Ryou menoleh kearah Bakura dengan wajah innoncent miliknya, kini di tangannya tengah memeluk seekor kucing putih yang baru berumur 3 bulan "Hng~ Ada Apa Kura?" tanyanya tidak mengerti

Miaww~ Miaww~

Sepertinya kucing kecil itu langsung menjawab dan bukan Bakura yang menjawab pertanyaan Ryou, Ryou langsung tersenyum kemudian mengelus kucing itu dengan sayang.

Bakura yang melihatnya hanya tersenyum miris melihat perlakuan sang Hikari yang begitu cintanya dengan gumpalan kapas putih aneh itu—tapi yang membuatnya kesal bukan hanya itu saja tapi…

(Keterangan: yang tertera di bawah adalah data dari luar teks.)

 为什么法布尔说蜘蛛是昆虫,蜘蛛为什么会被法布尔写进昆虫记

"AKU MENYESAL SUDAH MENGIJINKANMU MEMUNGUT GUMPALAN KAPAS ITU!" semburnya sambil menunjuk si Kucing putih tanpa dosa yang di sebut gumpalan kapas tidak berguna oleh Bakura

Ryou memandang Bakura kemudian kepada si Kucing "Tenanglah, Kura~ dia hanya iri~" ucapnya dengan nada tenang

Miawww~ sahut si Kucing dengan nada ceria

"…Dan yang membuatku kesal adalah…" ucap Bakura memulai "KENAPA DARI SEMUA NAMA KAU MENAMAINYA SAM DENGAN NAMAKU—KENAPA RYOUU!" ucapnya emosi

Ryou kemudian mengangkat kucing itu hingga dekat dengan Bakura, tetapi Bakura yang saat itu sedang bad mood malah mundur sejenak tidak ingin dirinya di dekati si buntalan kapas menjijikan itu "Ayolah Kura~ Dia sangat mirip denganmu, Putih dan begitu menggemaskan~" ucap Ryou menjelaskan "Dan namanya juga cocok dengannya~ Bagaimana?"

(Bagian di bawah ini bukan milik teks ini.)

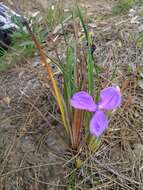 Imagem de Patersonia sericea R. Br.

"ITU PENGHINAAN NAMANYA! MANA MUNGKIN NAMAKU DISAMAKAN DENGAN NAMA KUCING—yang Aneh ini!" protes Bakura

Ryou mengelus kucing itu dengan sayang "Tenang saja, Kau pasti terbiasa dengan kehadiran Kura baru dikeluarga kita~" tambahnya

"Yah-Yah terserah—"

Miawww~ Miawww~ si Kucing kecil bersuara dengan gembiranya sepertinya juga ikut senang dengan apa yang diucapkan Ryou sehingga ikut membalas, meskipun perkataan Ryou bukan ditunjukan olehnya tetapi oleh Kura yang satu lagi

Dan mulai saat itu, Kehadiran Kura baru didalam rumah mungkin membawa sesuatu warna yang baru untuk Ryou dan tentunya Bakura yang masih tidak ingin mengakui si kapas pencari perhatian ini.